Bill strips worker’s comp eligibility if ailments not disclosed

By Cole Grant/UM Legislative News Service

HELENA – Montana lawmakers heard a bill Tuesday that would add another aspect to worker’s compensation cases.

Senate Bill 116 could strip employees of worker’s comp eligibility if they knowingly or willfully failed to disclose a medical condition pertinent to a job in any pre-employment questionnaires.

Al Smith with the Montana Trial Lawyers Association sees the bill as chipping away at worker’s rights.

“This bill is to benefit employers, doesn’t benefit workers, it’s not about safety, it’s going to lead to more litigation,” Smith said at a hearing for the bill Tuesday.

The bill’s sponsor, Sen. Mark Blasdel, R-Kalispell, said the bill is about honesty and transparency.

“I’ve been on both sides, as an employee and as an employer, and, you know, information is knowledge,” Blasdel said.

Terry Kramer, a builder/developer from Kalispell, said he found out about an employee’s old back injury after the employee got hurt on the job. He said the resulting worker’s compensation insurance case substantially raised his premiums, and has affected the growth of his company.

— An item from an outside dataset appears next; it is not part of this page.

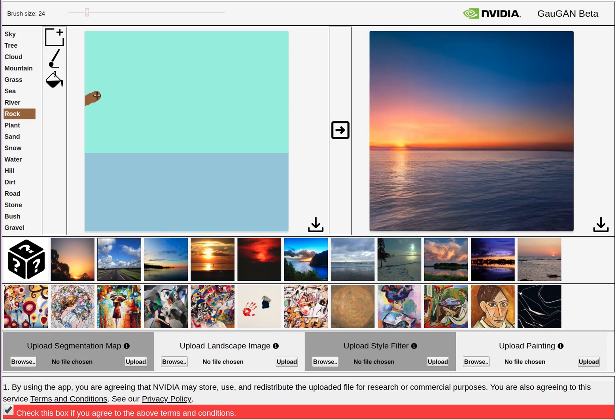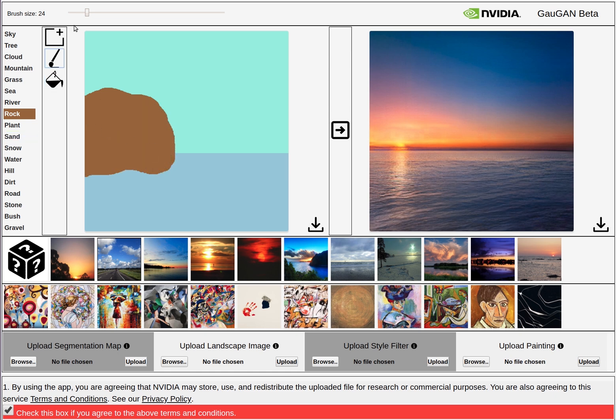Pick a label and start to draw on the canvas. Once you finish the drawing, click on the arrow to synthesize the new image.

“It’ll take a minimum of three years before our rates will be reduced. All this due to one person falsifying their employment application, and withholding information pre and post hiring,” Kramer said.

The bill passed the Senate 33-17 in February. The House Business and Labor Committee did not take immediate action on the bill Tuesday.

Cole Grant is a reporter with the UM Legislative News Service, a partnership of the University of Montana School of Journalism, the Montana Broadcasters Association and the Greater Montana Foundation.